Log into your UniFi dashboard and click on the Gear icon located on the bottom left of the window. Once the Settings page is available, on the left navigation under Settings, click on Profiles.
Profiles has two sections, RADIUS and Switch Ports. Click on Switch Ports.
I already have Switch Port profiles configured. But we’ll add a new one for this example. On the bottom, click on Add New Port Profile.
Next, we enter the various parameters for our UniFi Switch Port Profile. Give it a descriptive name. Since I’m configuring this profile for access points I will enable PoE/PoE+.
My access points will be plugged into a trunk port. I’ll need to set the Native VLAN or what UniFi calls the Native Network. I like to place all my access points on my infrastructure VLAN which I’ve selected in the drop down.
Next, we tag the networks we want to include on this trunk. These are the two networks I’ll map to my SSIDs.
The other settings I’ll leave as default. But we could modify settings such as the Link Speed or maybe set up Storm Control. There have been scenarios where I’ve needed to set a threshold for multicast or broadcast.
Once finished, click on Save.
Now it’s time to use this Switch Port Profile. I head over to Devices and select my UniFi switch.
I see see switch ports I can modify. Select one of the ports to bring up the menu so we can modify the settings.
Hover over the port you want to configure and click on the pencil icon to modify.
Within the individual switch port, we can select a Switch Port Profile, the one we just configured, in the drop down menu. Select this profile and click on Apply.
The switch port is now configured as a trunk with the requirements we need to properly allow the broadcast and operation of our Wi-Fi network.
Switch Port Profiles can be configured to your requirements. In my example, I used access points. But maybe you have a set of different server port configurations. Configure the Switch Port Profile and now it’s much simpler, efficient, and clean to set the port configuration.
Sure, you can set up the port to be a trunk allowing all VLANs, but why should you allow VLANs on a port that isn’t required to be on?
Gabriel Schneider says
Hello Rowell, thank you for your description.
Would it be possible, to use Switchport Profiles to automatically turn Ports scheduled on and off?
Have a nice day and greetings from Bonn, Germany,
No, I don’t think there is a way to set up a schedule within a switch port profile.

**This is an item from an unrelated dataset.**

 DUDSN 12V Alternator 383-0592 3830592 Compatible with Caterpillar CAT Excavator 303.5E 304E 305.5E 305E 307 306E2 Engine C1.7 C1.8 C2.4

thank you for your walkthrough.
I have a Unifi wifi AP outside to cover my garden. This AP uses a POE+ from a 60-W switch.
This is a weak spot as any user can unplug the LAN cable from the AP and put it in his laptop – and has now access to my LAN.

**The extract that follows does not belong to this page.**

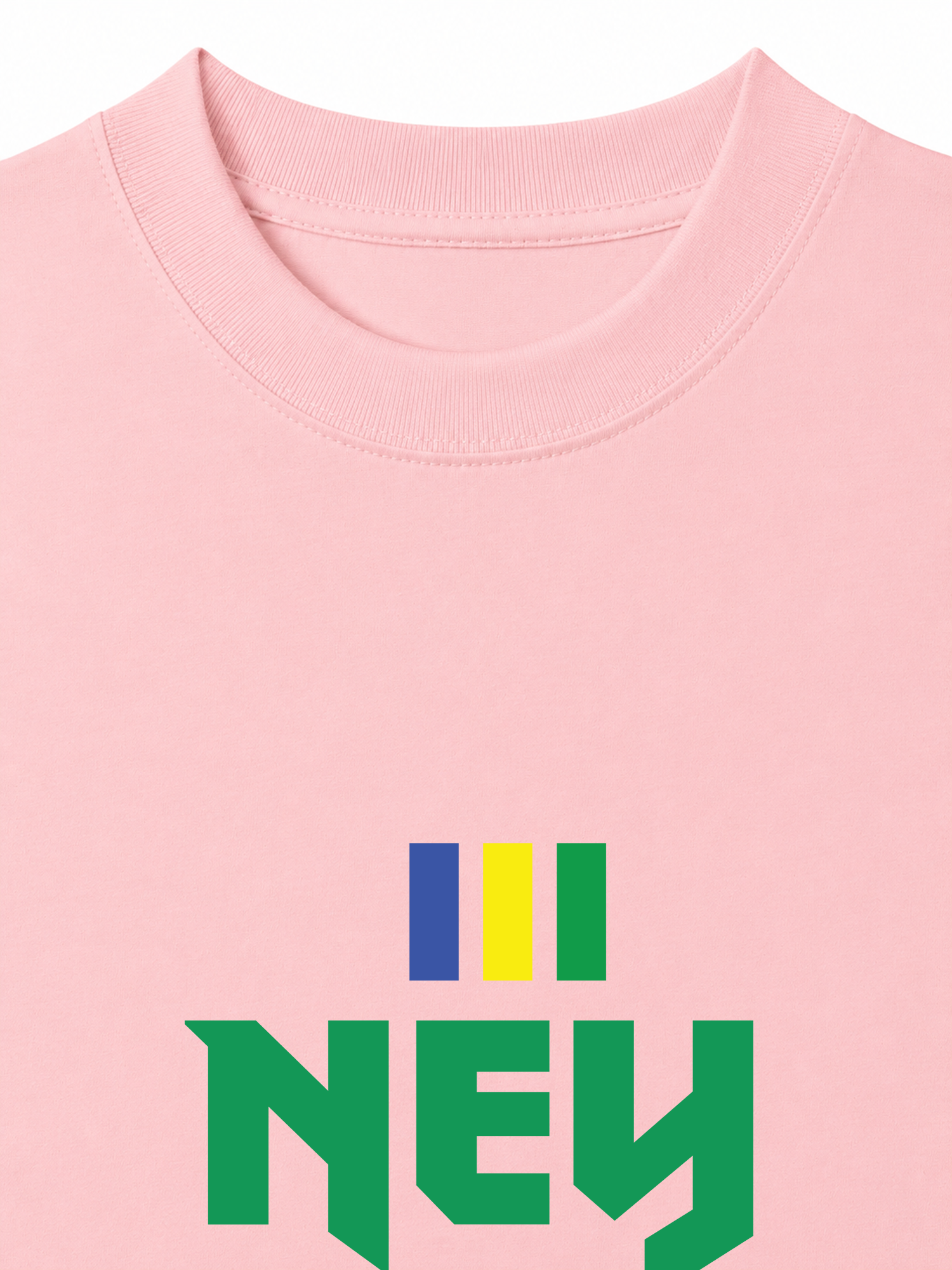 Áo Thun Relaxed Fit Soccer Ney Brazil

Is there a way to use switchport settings to block any other device than the AP? Or any other traffic than wifi?
Thank you for your opinion!
I recommend looking into mac filtering. I haven’t used it on Unifi switches yet but I believe this setting is located at Profiles > Switch Ports > 802.1x > Mac-based
hello. Do you know how come my devices can’t get an IP address when connecting to a network (both wireless and wired) that isn’t the main LAN?
I can’t tell from that much info but it’s probably a missing VLAN, no DHCP server, or your switch port isn’t a trunk.
Tolle Colart says
Hi, is there a way to see on which ports a specific profile is used? Or do you have to check every port of every switch to see if a specific profile is in use?
There is no summary page that shows you what port is using which profile.